Other factors might be:
-weak forearms lead to wrist and elbow tendinitis. get 1 day in your training to ad in about 30mins of grip work.
-check your bar thickness. If you are pressing with a thin olympic lifting bar of other <30mm bar you might want to switch to a thick bar. You will be able to press much greater weights with the thin bar and should do ME work on the thin one, but train other days on the thickest bar you can get a hold of. A mate of mine at the local uni gym couldnt find a thick bar so he brought some rubberized wraps and taped them to the bar for bench day to simulate thick bar pressing. along with dedicated 3x/week grip work it shot his bench past 405 plateau and destroyed the wrist pain.
-Again, hard to find but if you can try and find a football bar or something that allows you to bar press with neutral grip [thumbs up]. I've even got around to heavy floor pressing with the EZ curl bar. but be careful with that as the bitch really wants to wobble and bends like fuck after a certain amount of weight [not much].
Its likely tendonitis. I am battling tendonotis and was told rest and immobalization may be required, but I didn't like that advice. I started icing my forearms immediately after lifting and several other times a day as well, and this has helped. Also, an anti-inflamtory may help.
Thanks for all the replies. It does sound like tendonitis is a likely suspect.
Maraudermeat, the low bar squatting point is interesting: I do try to squat low bar, but find it hard going on heavier sets. Perhaps I'll back off on that for a while and see whether things improve. I don't think that the bar is rolling back when I bench, but I'll pay extra attention to that in tonight's session.
Coolnatedawg, thanks for all the exercise suggestions. I hadn't heard of rice dips before, but they sound fun! I can't get hold of a fat bar at the moment , but perhaps some kind of poor man's version will do the job.
Avocado, thanks for the suggestions. What sort of grip work do you recommend? Crushers, that sort of thing?

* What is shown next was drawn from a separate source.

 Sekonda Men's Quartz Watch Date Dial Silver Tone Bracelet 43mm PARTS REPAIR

couple years ago i was doing a westside routine and my wrists and forearms started getting sharp pains at the end of my bench sets as i let go of the bar. back into heavy lifting the past few months, as soon as similar pains started to show i ordered some 24" wrist wraps. i think 36" would be overkill for me, im 5'9" and usually just over 205lbs. i dont wear them for the warm up sets usually, just put them on for the work sets. snug first work set, tighter 2nd work set, really tight and casted a little onto my palm for the 3rd work set. (been doing 5/3/1 since Feb, so i always have 3 work sets). oh, i guess i should finish by saying i havent had any issues with forearm/wrist pains since using the wraps. i might do some kind of curl once every two months or so, so i cant comment there other than saying i had experienced similar pains in forearms when doing straight bar curls in the past, no advice there though other than not doing them...

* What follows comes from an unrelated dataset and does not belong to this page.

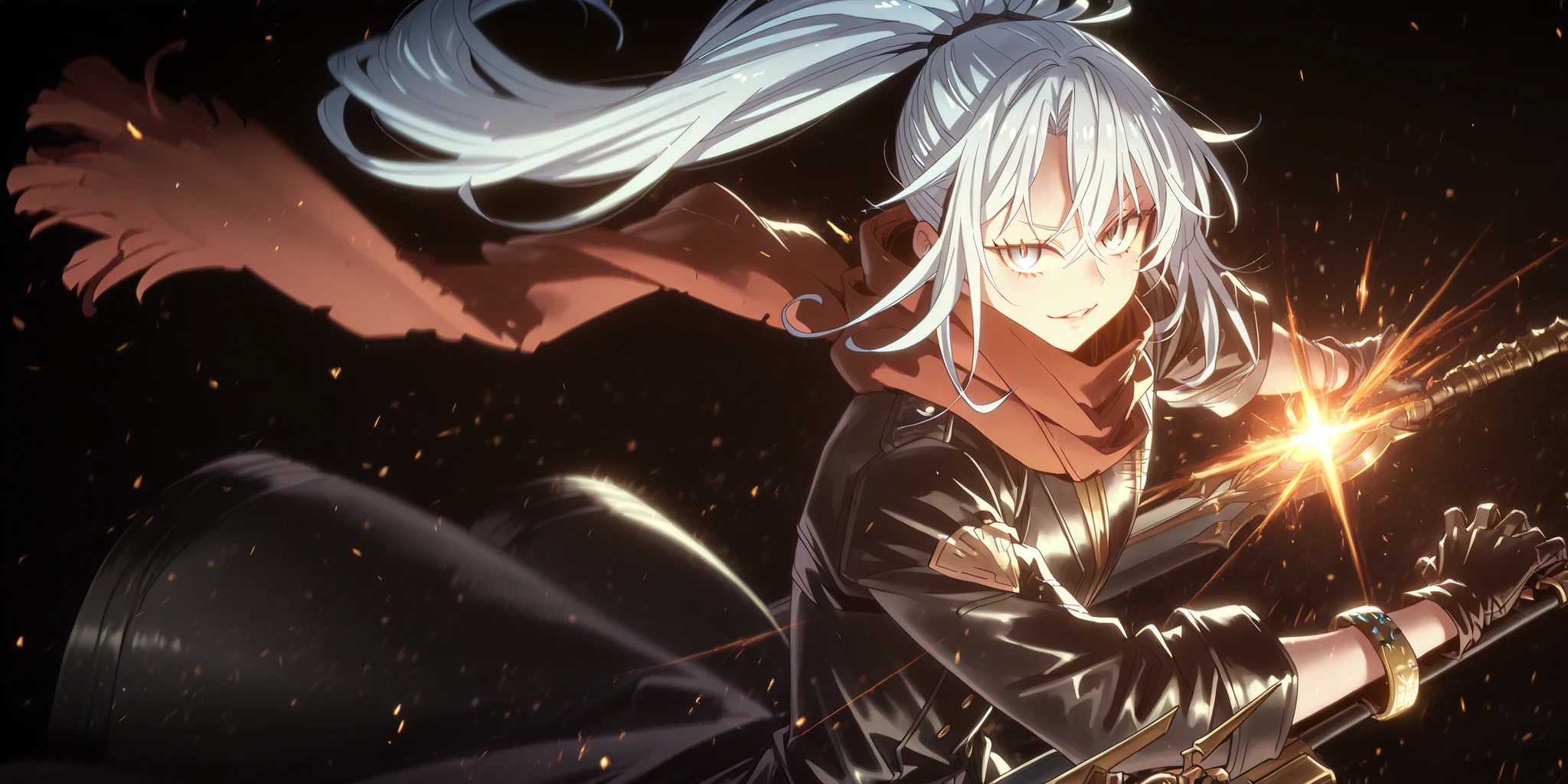 Short male character, young adolescent boy, around 1.50 meters tall, similar in height to Rimuru Tempest. Despite having a feminine and delicate appearance, the character is clearly male. He has the same face and hairstyle as Sylpha Langlis from Tensei Shitara Dai Nana Ōji — bright white hair, long bangs, and hair tied in a high ponytail. His face is perfect and beautiful, with striking blue eyes and a confident, provocative smile.
He wears tight-fitting black military tactical clothing with gold details (Lucifer/Lucio style from Granblue Fantasy), exposing his arms and shoulders. Over his outfit, he has a long, open black coat (like Dusk from Arknights) falling off the arms. He wears black gloves covering the full arm with golden bracelets at the wrists.
He holds a massive black greatsword, larger than his body. The blade is fully black. He is in a flashy, confident attack stance, looking directly at the viewer. His expression is playful and smug. A long red scarf flows around his neck.
Black background, dramatic cinematic lighting. Emphasize his short stature, male gender, and youthful energy.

bucket loads of extensor training. the reverse motion of grippers. If you can afford all the cute toys from ironmind.com then go for that shit. But for me and a majority of my athletes we use a rice bucket [just like it sounds, a bucket of rice]. basically there are a bunch of things you can do via pushing your hands in and spreading them out in the rice. You can also grab and squeeze the shit out of the rice. The humble bucket of rice is responsible for removing arthritis pain form 2 of my previous athletes who made their own rice bucket to work with after i had to move.

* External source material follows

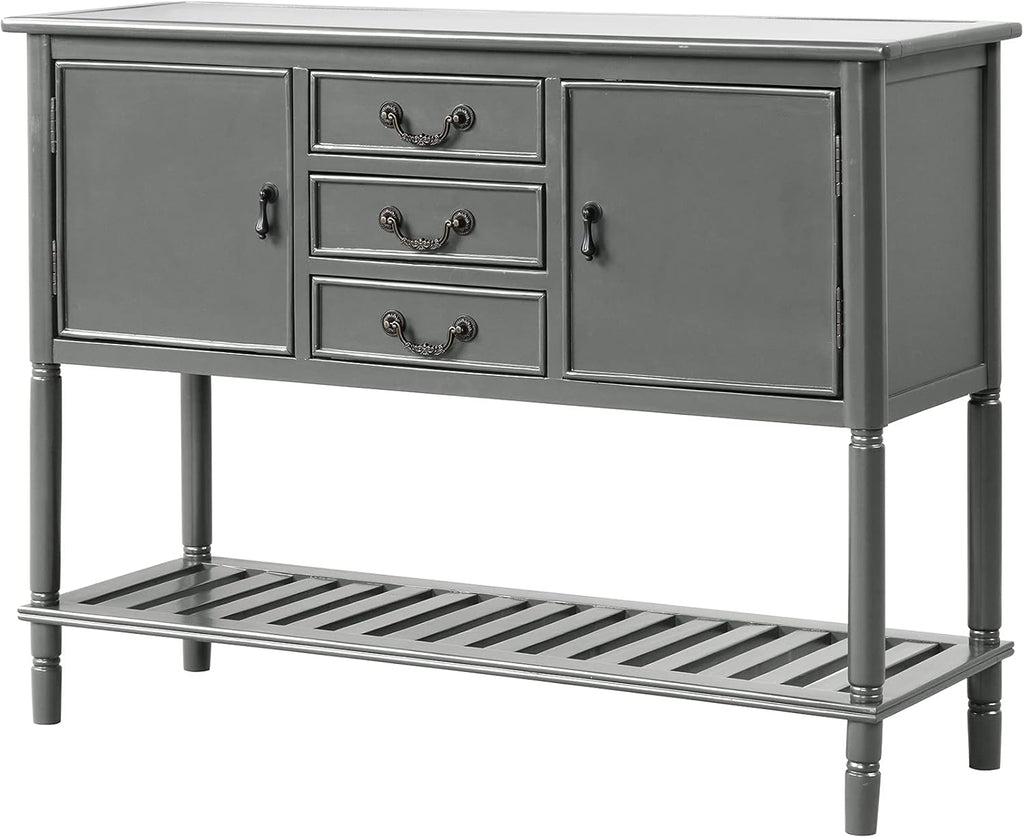 Solid Wood Console Table with 3 Drawers, 2 Cabinet and 1 Shelf G813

Also. As much fat bar as possible at all times. getting tyler grips or another transferable fat grip accessory will pay the dues for your paws. Use those guys on all accessory work where performance is not quantified for training purposes. Even for bench work i would recomend the fat grippers. You will technically bench less with them BUT then when you head back to the thin bar benching you will see massive gains.
so yeah. rice bucket and fat grips. crushers are fun but not necessarily the best for making pain free elbows/wrists.